I attended the Browser Games Forum in Offenbach, Germany in 2010 (I spoke again this year as well), and Professor Richard Bartle prophesied that social games would die. He considered them all to be “operant conditioning chambers” and noted that once humans see an operant conditioning chamber for what it is — broadly a mechanism for making them behave in a way that is predictably irrational by playing on fundamental weakness in our mental model of the world — they turn away from them. Worse than that, like a reformed smoker, they become zealous in avoiding other similar experiences and in trying to drag others away from him.
What Bartle and others have failed to see is that social games can evolve. The malaise that Baribeau has identified is one of spreadsheet-driven A/B tested game design where creative sparks have been extinguished to focus on building a game that is “Castles meets Farmville” or “What Zynga did, but with prettier graphics”.

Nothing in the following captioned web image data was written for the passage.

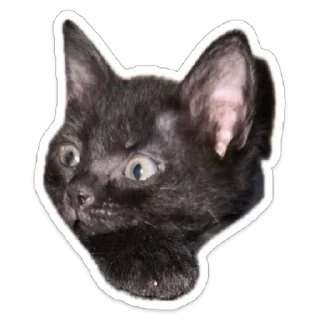 😳 emoji Кот.Долбик Telegram sticker 11 of 13
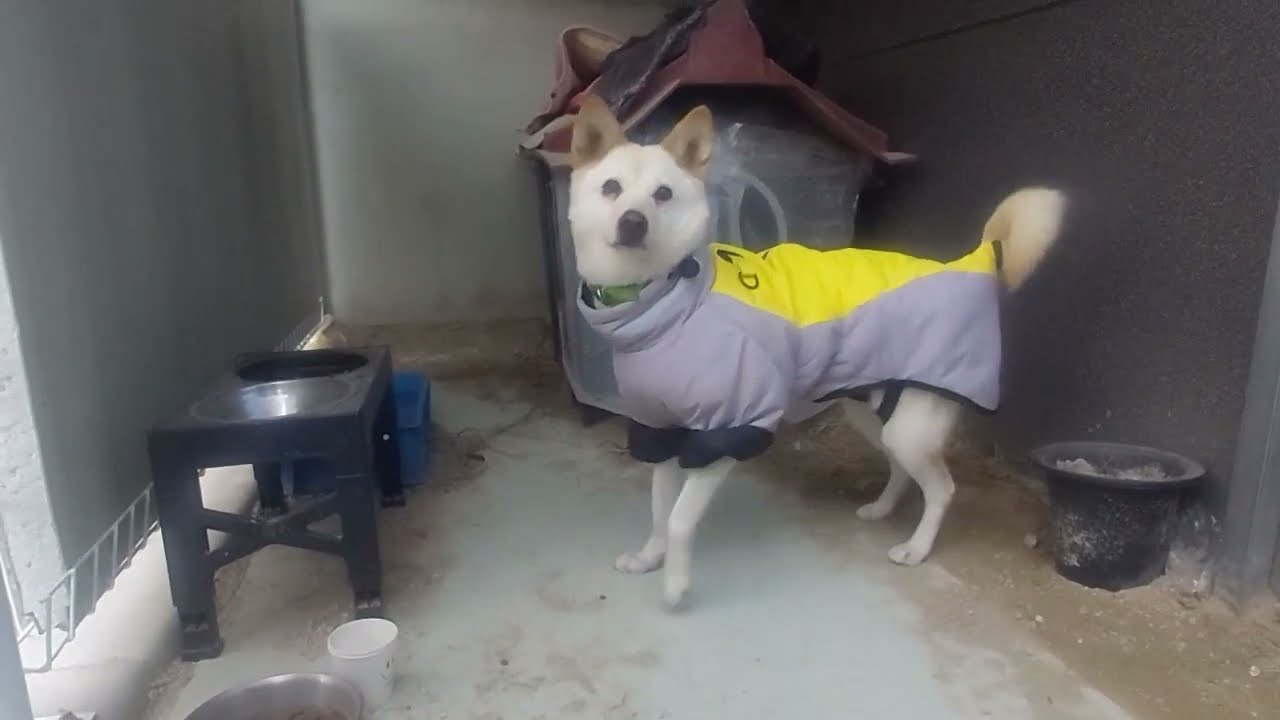새벽 6시 40분에 공장 진돗개 먹을 고기 삶는 중년 직장인 l 공장개 밥으로 먹일 고기 삶는 게 취미 생활인 중년 남자 l 고기 가져오니 좋아하는거 보소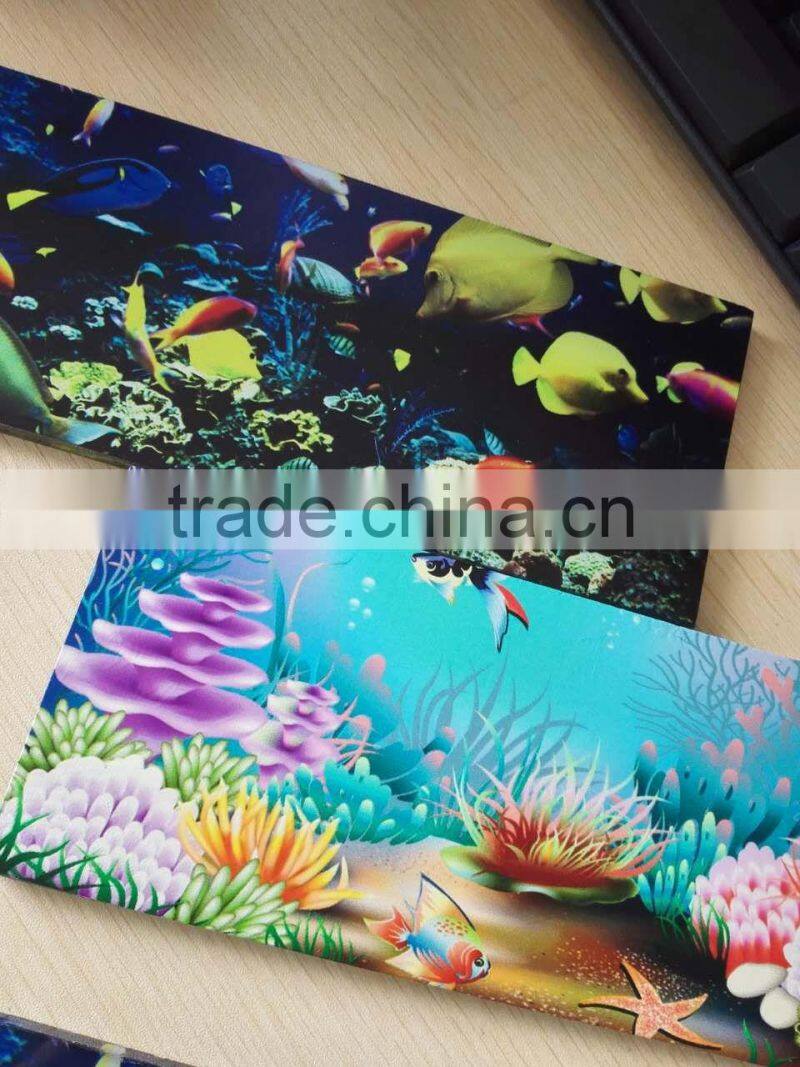shenzhen bestdasin A0 9880C 118cmX250cm 8 colors CMYK WWWW Bottom price best Choice glass uv flatbed printer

That gravy train is coming to an end. We’ve offered consumers all of those games that they can take. Zynga’s DAUs are flat, despite heavily marketed new launches. Facebook is terrified that investors and startups view the platform as “over”, a busted flush as the posher of my former investment banker colleagues might have said. Mobile is the new frontier.
Perhaps Bartle was right.
Well, yes and no. Maybe he is right, that the games that behave as operant conditioning chambers have a finite life span. Maybe we are reaching that point.
On the other hand, that means we can innovate. Financiers will no longer expect a game that follows the Zynga playbook to be an automatic success. We can see more games like Triple Town or Gunshine(admittedly not on Facebook, but built with Facebook Connect at its heart) that attempt to move the medium forward.
We will see more games that innovate with gameplay mechanics, with using the social graph, with building on our existing successes and standing on the shoulders of, if not giants, at least people who showed us how make money from free-to-play in a social context.
What I hope we don’t get is “Farmville! With guns!”